Ryan: Well that was crazy.
Taylor: Don’t worry, because next week I’m sure I’ll be totally obsessed with some guy who gives me change for parking.
Ryan: Look, what I said has absolutely nothing to do with you, okay? It’s just…
Taylor: What? That for the longest time all you could feel was your desire to kill Volchok, now that’s gone so you feel empty, can’t feel anything—least of all, anything for me.
Ryan: How do you keep doing that?
Taylor: Doing what?
Ryan: That. You keep telling me what I’m thinking before I feel it.
Taylor: Because I think about you. You know I want you to be happy, and I think that if you gave it a chance you might feel something too.
Ryan: Taylor—
Taylor: Are you going to tell me that you really like me as a friend?

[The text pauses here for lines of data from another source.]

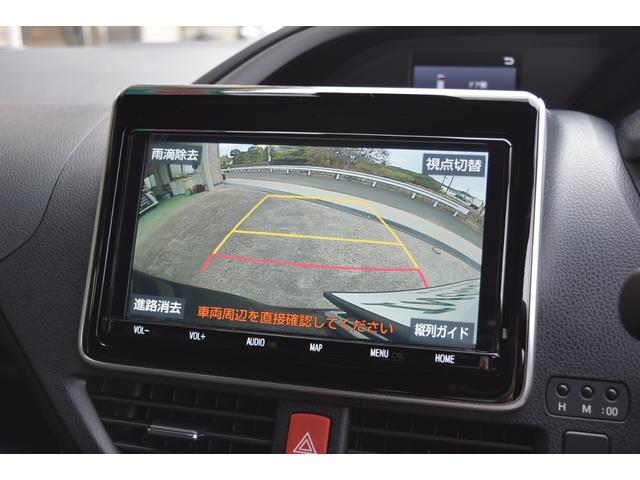 ヴォクシー ZS 煌III 9インチ純正ナビ TV ブルートゥース 純正リヤモニター バックカメラ ETC パーキングセンサー デュアルオートエアコン シートバックテーブル ロールサンシェード 両側パワースライド USBポート(11枚目)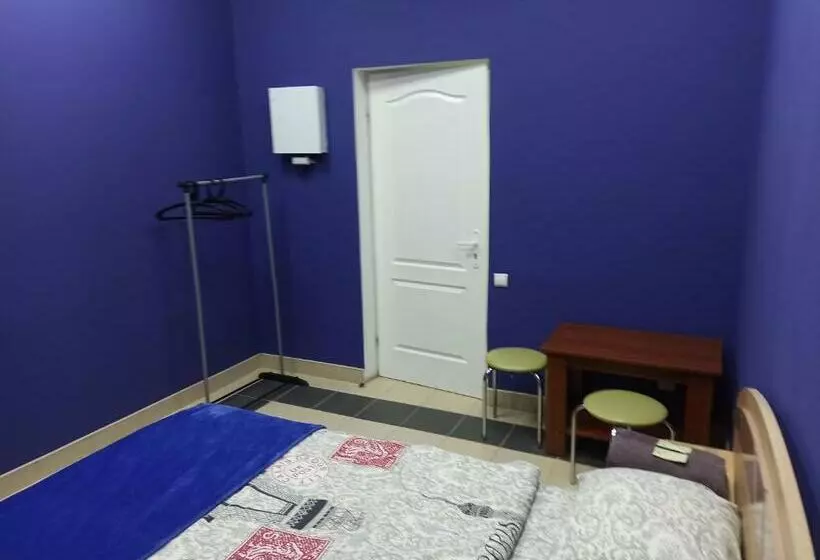 هاستل старий дворик,кімнати біля жд вокзалу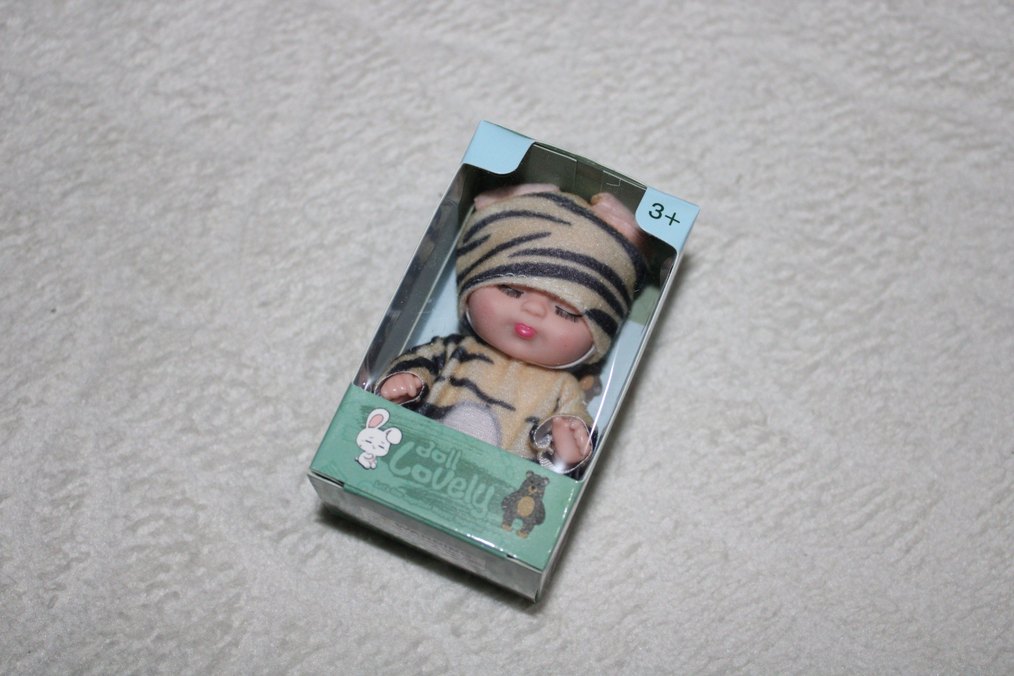 Mini Kostümlü Bebek Oyuncak (1 Adet) - Görsel 4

Ryan: Maybe. she storms off. How does she do that?
Ché: Summer, have I accomplished anything this semester?
Summer: Are you kidding? Che, there would be no political activism at Brown without you. Oh my god, are you getting kicked out?
Ché: No. But I think you might be.
Summer: What?
Ché: Yeah, they needed a scapegoat. You said yourself that I’m too important to the movement, so…
Sandy: Hey, how’d it go with The Bullitt?
Kirsten: Well, as it turns out Julie was dating his 25 year-old son.
Sandy: Oo. That’s a weird coincidence.
Kirsten: That about sums it up.
Taylor: Are you seriously trying to Jedi mind trick me?